■ TASK MATERIAL:
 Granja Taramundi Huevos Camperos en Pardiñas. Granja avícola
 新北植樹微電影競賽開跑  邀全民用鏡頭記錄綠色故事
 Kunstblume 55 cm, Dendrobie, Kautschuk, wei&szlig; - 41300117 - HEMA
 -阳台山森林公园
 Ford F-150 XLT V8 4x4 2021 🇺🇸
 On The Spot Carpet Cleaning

--

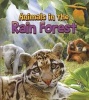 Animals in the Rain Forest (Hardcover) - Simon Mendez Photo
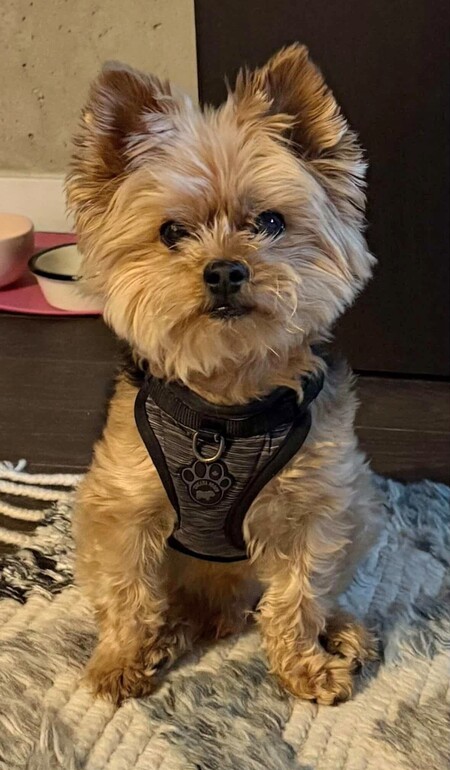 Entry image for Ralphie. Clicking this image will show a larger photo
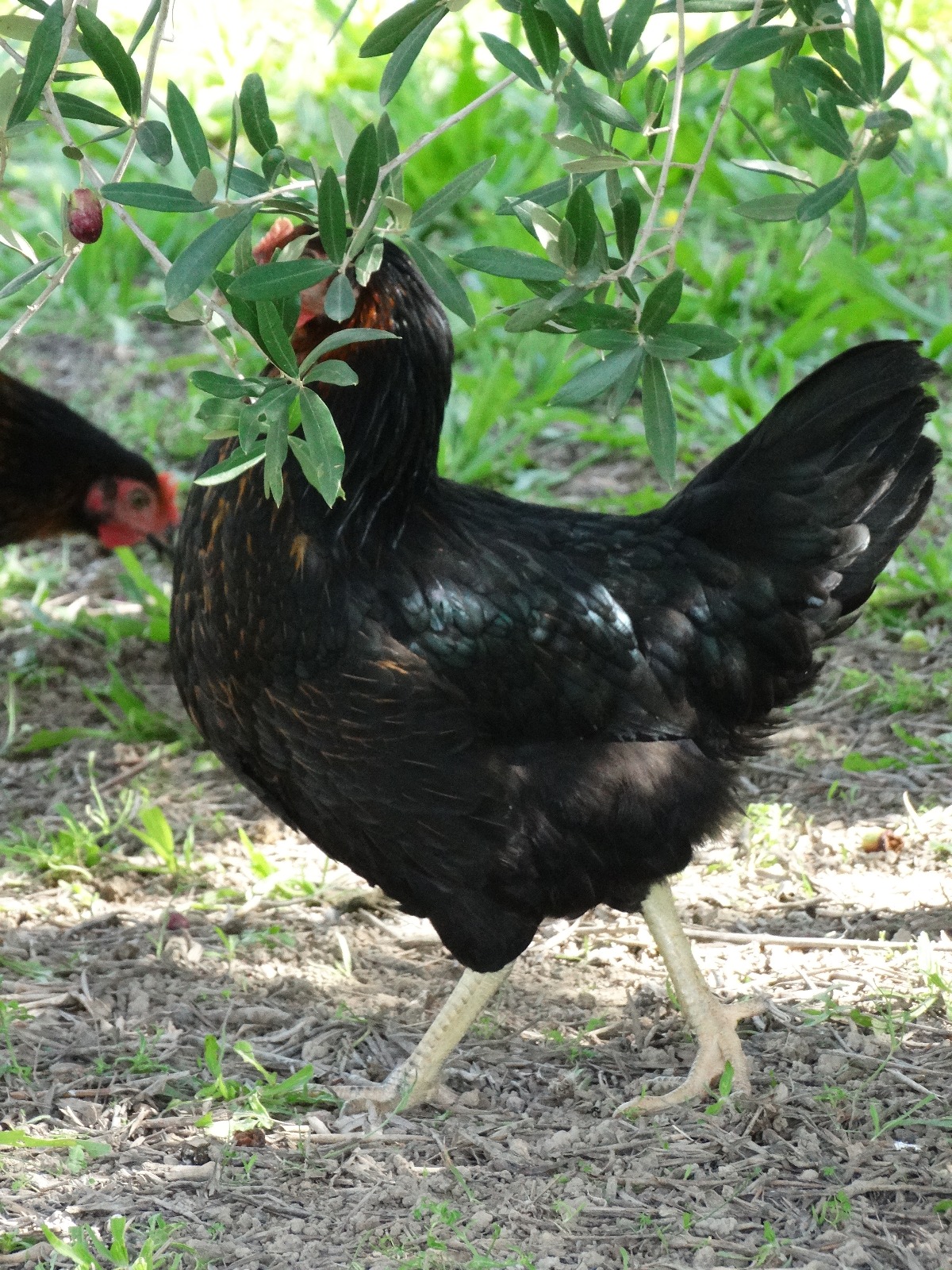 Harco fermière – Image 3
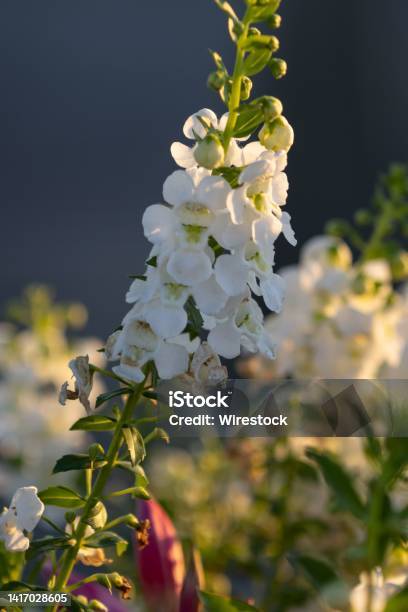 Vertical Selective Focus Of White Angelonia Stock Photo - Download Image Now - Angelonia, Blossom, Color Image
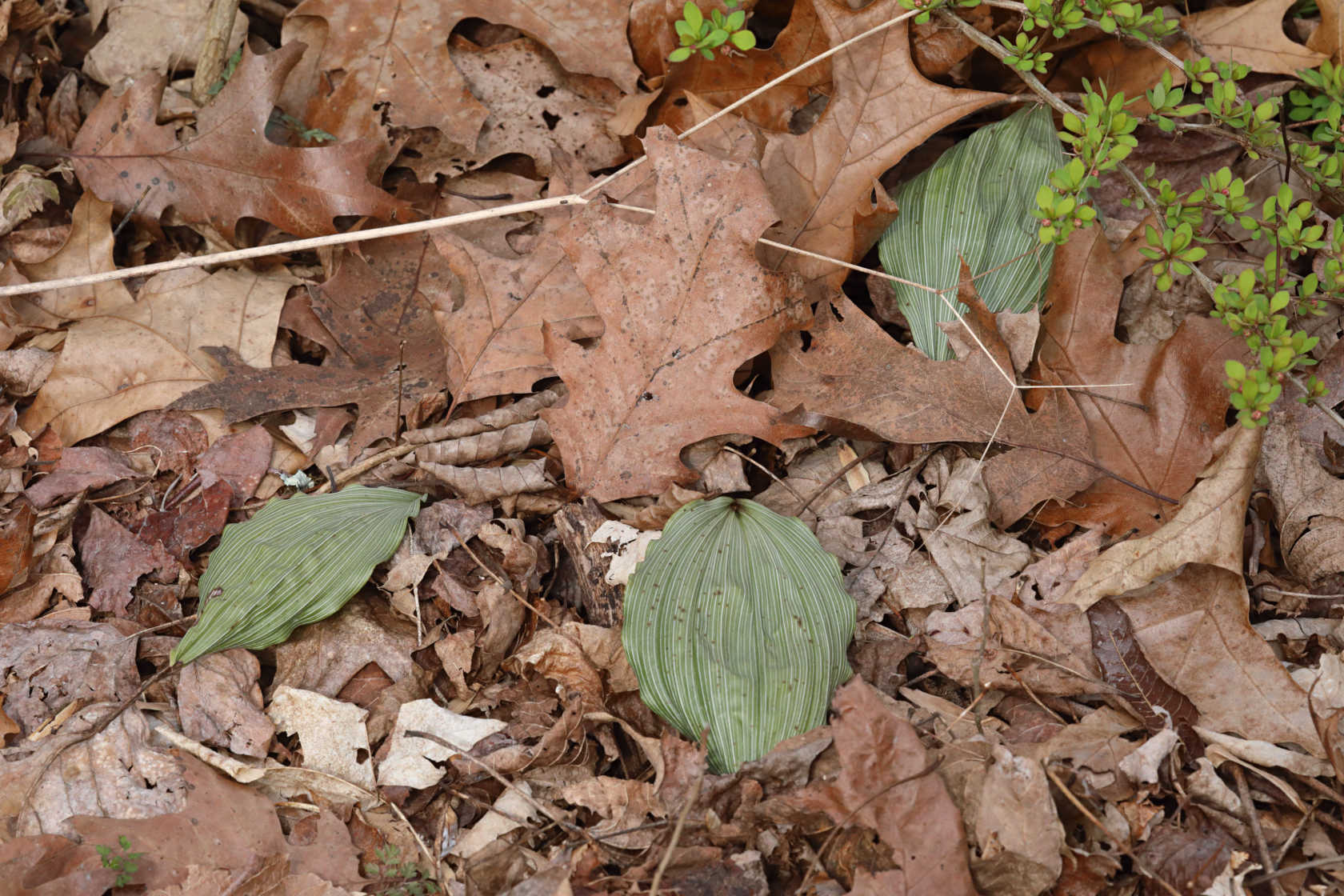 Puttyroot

■ WHAT YOU ARE ASKED TO DO:
In the entries above, restate word for word the lines between the one holding "Granja Taramundi Huevos" and the one holding "On The Spot Carpet Cleaning", inclusive, and nothing besides.

■ ANSWER SECTION:
 Granja Taramundi Huevos Camperos en Pardiñas. Granja avícola
 新北植樹微電影競賽開跑  邀全民用鏡頭記錄綠色故事
 Kunstblume 55 cm, Dendrobie, Kautschuk, wei&szlig; - 41300117 - HEMA
 -阳台山森林公园
 Ford F-150 XLT V8 4x4 2021 🇺🇸
 On The Spot Carpet Cleaning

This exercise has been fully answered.